Reformation and transformation (Ackoff 2003, 2010)

In his system of system concepts, Russell Ackoff made the distinction between reformation and transformation in many of his lectures. Here are two written sources.

From Redesigining Society (2003) …

Systemic Transformation

A system is transformed, as contrasted with reformed, when its structure or functions are changed fundamentally. Such changes are discontinuous and qualitative, quantum leaps. For example, Ghandi led the transformation of India from a colonial state to an independent democracy. In contrast, Roosevelt reformed the United State; of the changes he brought in were wihtin the existing systems of government.

Reform maintains the existing system but modifies its behavior; it manipulates the system’s efficiency with respect to the same objectives as it had previously. Transformation involves changes of ends as well as means. Reform is preoccupoed with doing things right, even the wrong things. Transformation is concerned with doing the right things, as well as doing them right. Put another way: when a system is reformed, the way it is conceptualized, though of — for example, as an organism — is not changed. When it is transformed, the way it is conceptualized is changed — for example, from the organism into a social system. [p. 163]

In a society conceptualized as an organism, as most are (see Chapter 7), the government is not thought of as an instrument of its parts. “Ask not what the government can do for you, but what you can do for the government.” The parts are though of as instruments of the whole. “Theirs is not to question why; theirs is just to do or die.” In contrast, when a society is conceptualized as a social system, service to its parts, its stakeholders, is its principal function. Those who govern and lead are take to be public servants in fact as well as in word. In a reformed society, the leader is one who empower the followers. In a transformed society, the leader is one who is empowered by the followers. [pp. 163-164]

From Differences That Make a Difference (2010) …


To reform a system is to change its behavior without changing its structure or its functions. It continues to do the kinds of things it has always done but does some of them differently. To transform a system is to change its structure and the way it functions. The changes it produces are radical (go to the roots of the system) or even revolutionary.

Reformations and transformations are both intended to improve performance of that which has been modified.

Transformations of any type of social group require leadership because they involve a risk. Therefore, they also require a willingness on the part of followers to make short-run sacrifices in order to make longer-term gains. The willingness to make such sacrifices requires a vision supplied by the leader of the end-point of the transformation. It must be an inspiring vision and one that is accompanied by a formulation of a strategy for making progress toward its realization.

A reformation does not require a leader; managers can usually make it happen. Inspiration is seldom required. A tactical plan is usually sufficient to bring it about; a strategy is not necessary. A manager who can exercise authority can frequently bring a reformation about with subordinates who do not necessarily follow voluntarily (as is required in a transformation).

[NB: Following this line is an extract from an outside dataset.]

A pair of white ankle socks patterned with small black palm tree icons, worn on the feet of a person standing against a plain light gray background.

Transformations may be led by leaders who have absolutely no authority over their followers. If the leader of a transformation exercises authority it is authority voluntarily given to him/her by his/her followers.

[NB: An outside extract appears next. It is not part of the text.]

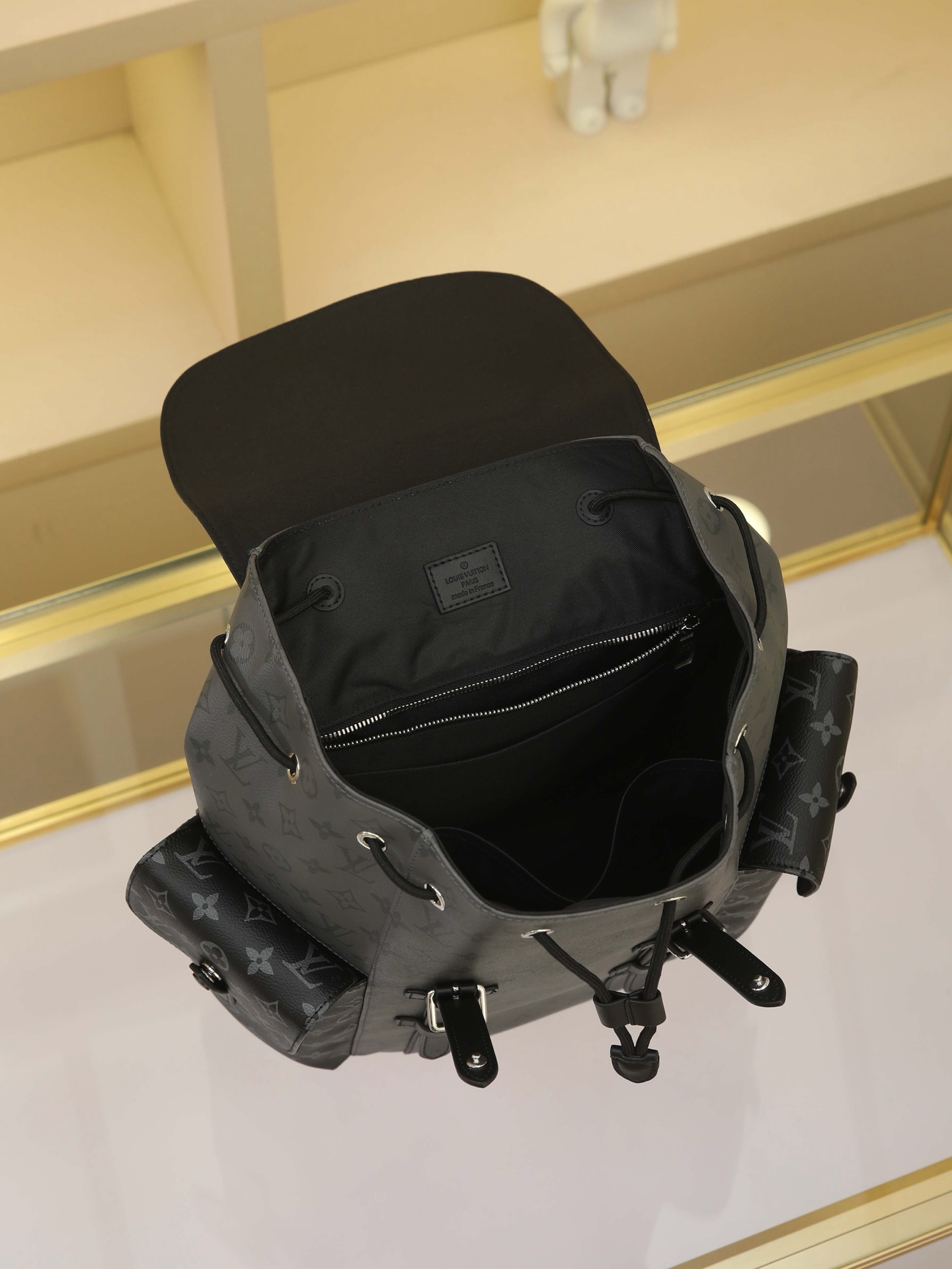 The compact backpack reinterprets the rugged, unpretentious spirit of a hiking pack in Monogram canvas. Its distinctive design seamlessly transitions between work and leisure, embodying a premium lifestyle. 41 x 47 x 13 cm (L x H x W) - Image 8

The change of an autocratic monarchy or dictatorship to a democracy is a transformation. The change of a democracy from conservative to liberal is a reformation. The change of Christianity from Catholicism to Protestantism was also a transformation but was called a Reformation. The change from Methodism to Baptism was a reformation. The Industrial Revolution transformed societies. Changes in a nation’s constitution, in contrast to additions, usually transform the nation. Additions to a constitution may or may not do so. Perestroika and glasnost were transforming in the Soviet Union but they have been diluted (reformed) since.

For finer points on the distinction between a biological conception and a social systems perspective, there’s a digest at “System types as purposeful, and displaying choice” that refers to some articles by Russell L. Ackoff and Jamshid Gharajedaghi.


Ackoff, Russell L., and Sheldon Rovin. 2003. Redesigning Society. Stanford, CA: Stanford University Press.

Ackoff, Russell Lincoln. 2010. Differences That Make a Difference: An Annotated Glossary of Distinctions Important in Management. Triarchy Press Limited.